22 Haziran’da New York’ta düzenlenen “görkemli” bir törenle yeni görevine başlarken yaptığı konuşmada, sık sık “Ekümenik Patrik, Konstantinopolis” ifadelerini kullandı…

Törene, Trump’ı temsilen ABD Sağlık Bakanı, Yunanistan Dışişleri Bakanı vs. katılırkan, Türkiye’yi de BM Daimi Temsilcimiz Feridun Sinirlioğlu temsil etti.

Lambriniadis’e ilk kutlama mesajı gönderen isim Rum kesimi Cumhurbaşkanı Anastasiades oldu.

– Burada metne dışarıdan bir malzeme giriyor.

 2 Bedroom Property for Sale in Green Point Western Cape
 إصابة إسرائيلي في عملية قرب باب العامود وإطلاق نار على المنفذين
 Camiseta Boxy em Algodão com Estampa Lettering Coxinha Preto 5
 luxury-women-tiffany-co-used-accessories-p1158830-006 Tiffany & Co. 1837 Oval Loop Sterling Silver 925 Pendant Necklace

Çok kısa bir süre sonra Trump tarafından Beyaz Saray’da ağırlandı; Trump’a, “Ekümenik Patrikliğe verdiği destek ve dünyadaki Hristiyanların korunmasında gösterdiği hassasiyet” için teşekkür etti.

Kıbrıs Barış Harekâtı İçin “İşgâl” Dedi

Trump’la görüşmesinden 2 gün sonra 20 Temmuz Kıbrıs Barış Harekâtı’nın yıldönümüydü.

Başpiskoposluk’tan, “Kıbrıs işgâlinin 45’inci yıldönümü” başlıklı şu açıklama yapıldı:

“Çoğunuzun bildiği gibi, bugün Yunan halkının tarihi için çok önemli bir olayın günü. Kıbrıs’ın Türk ordusu tarafından 45 yıl önce işgali, vatandaşlarının yerinden edilip kendi ülkelerinde mülteci haline gelmeleri ve adanın zoraki bölünmesi bugüne dek süren vahim bir adaletsizlik… Bu ada ulusu, on bin yıllık tarihiyle, zamanın elinde çok acı çekmiştir ve her türlü sınanmalara ve sıkıntılara direnmektedir. Sadece Ortodoks Hristiyan kardeşler olarak değil, ama insanlar olarak, Kıbrıs için adil ve süratli çözümler için dua etmek zorundayız… Amerikalılar olarak, temsili hükümetimiz aracılığı ile yapabileceğimiz çok şey var. Kıbrıs herkes için ahlaki bir sorun, ama onların inancını ve hatta kanını paylaşan bizler için çok daha fazla önemli.”

20 Temmuz’un ertesi günü de Lambriniadis, Kıbrıs Amerikan Örgütleri Federasyonu’nun düzenlediği, “Kıbrıs’ın işgâli yıldönümü törenine” katıldı.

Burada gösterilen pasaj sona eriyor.